The df.diamonds data frame contains information about almost 60,000 diamonds, including their price, carat value, size, etc. Let’s use visualization to get a better sense for this dataset.

We start by setting up the plot. To do so, we pass a data frame to the function ggplot() in the following way.

ggplot(data = df.diamonds)

This, by itself, won’t do anything yet. We also need to specify what to plot.

Let’s take a look at how much diamonds of different color cost. The help file says that diamonds labeled D have the best color, and diamonds labeled J the worst color. Let’s make a bar plot that shows the average price of diamonds for different colors.

We do so by specifying a mapping from the data to the plot aesthetics with the function aes(). We need to tell aes() what we would like to display on the x-axis, and the y-axis of the plot.

ggplot(data = df.diamonds,
       mapping = aes(x = color,
                     y = price))

Here, we specified that we want to plot color on the x-axis, and price on the y-axis. As you can see, ggplot2 has already figured out how to label the axes. However, we still need to specify how to plot it.

3.2.1 Bar plot

Let’s make a bar graph:

ggplot(data = df.diamonds,
       mapping = aes(x = color,
                     y = price)) +
  stat_summary(fun = "mean",
               geom = "bar")

These three lines of code produce an almost-publication-ready plot! Note how we used a + at the end of the first line of code to specify that there will be more. This is a very powerful concept underlying ggplot2. We can start simple and keep adding things to the plot step by step using ‘+’.

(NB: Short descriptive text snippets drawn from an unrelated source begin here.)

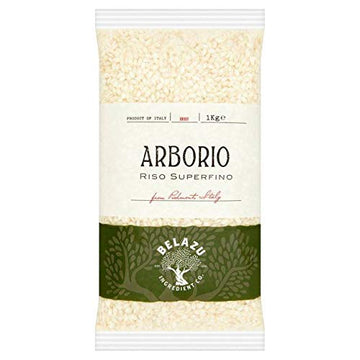 Belazu Arborio Risotto Rice - 1kg (2.2 lbs)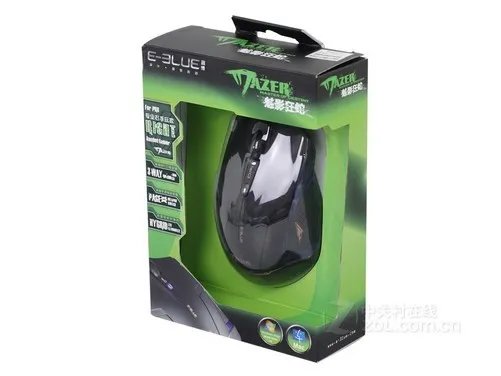 E-3LUE首款右手游戏鼠标 魅影狂蛇评测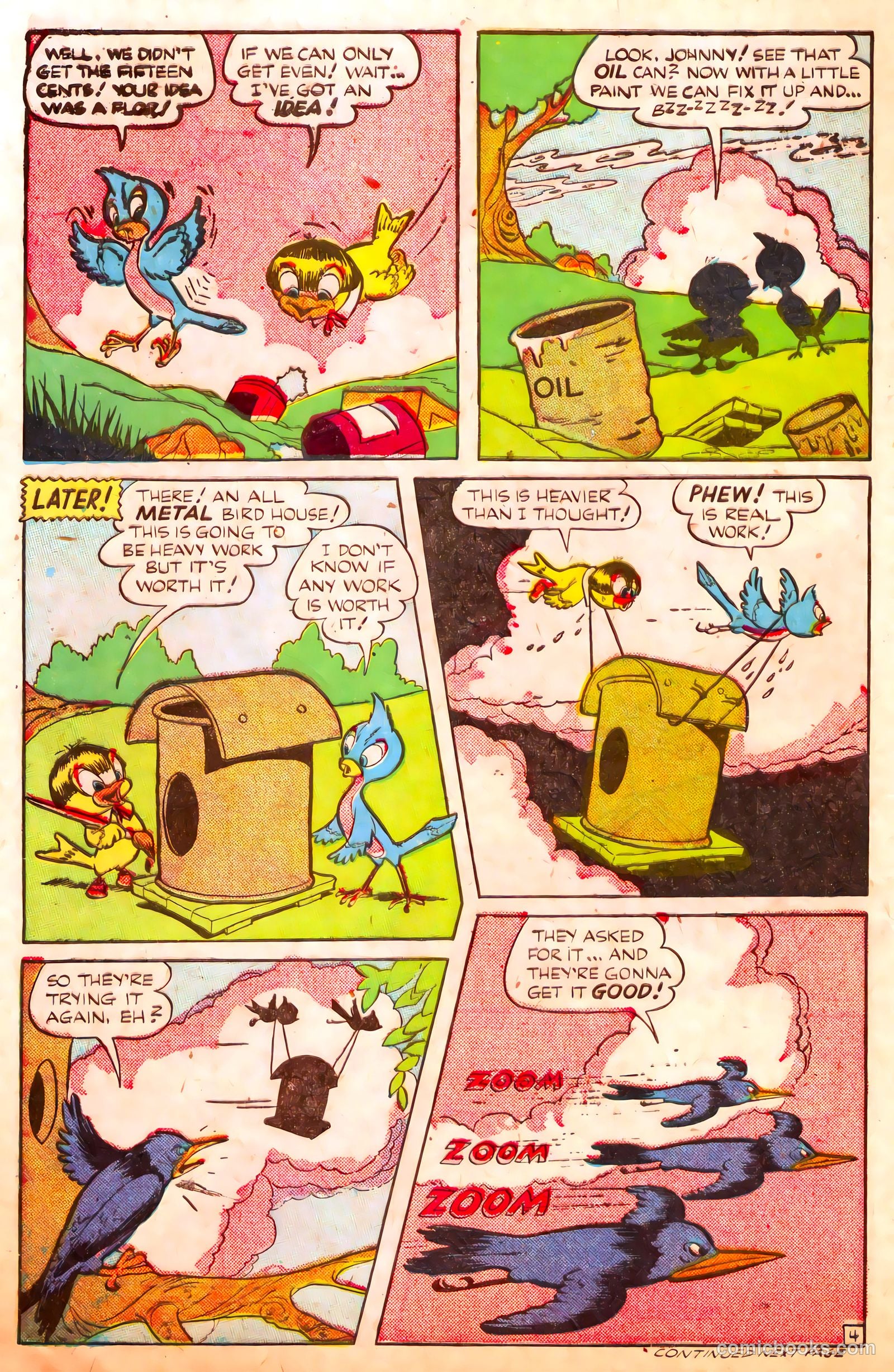 Jingle Jangle Comics #21 — page 14 of 53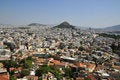 Free Overall View On Athens With Tops Acropolis Stock Photography - 14353432
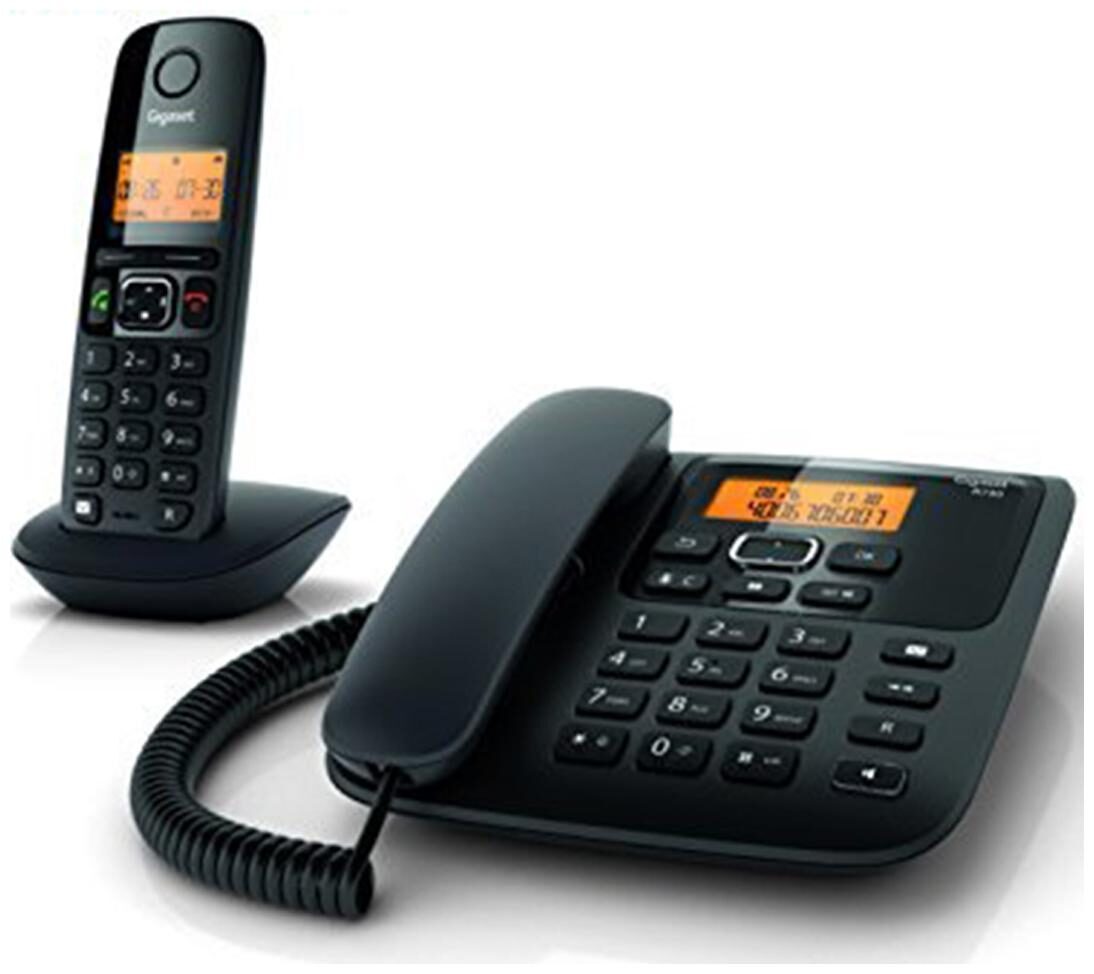 Buy Gigaset A730 Corded And Cordless Phone Set Of 2 Online at Low Prices in India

We used the stat_summary() function to define what we want to plot (the “mean”), and how (as a “bar” chart). Let’s take a closer look at that function.

help(stat_summary)

Not the the easiest help file … We supplied two arguments to the function, fun = and geom =.

  1. The fun argument specifies what function we’d like to apply to the data for each value of x. Here, we said that we would like to take the mean and we specified that as a string.
  2. The geom (= geometric object) argument specifies how we would like to plot the result, namely as a “bar” plot.

Instead of showing the “mean”, we could also show the “median” instead.

ggplot(data = df.diamonds,
       mapping = aes(x = color,
                     y = price)) +
  stat_summary(fun = "median",
               geom = "bar")

Another way to make a bar chart is using geom_bar(). Here is an example of how we might use geom_bar().

ggplot(data = df.diamonds,
       mapping = aes(x = color)) +
  geom_bar()

See how this plot shows the frequencies of each color!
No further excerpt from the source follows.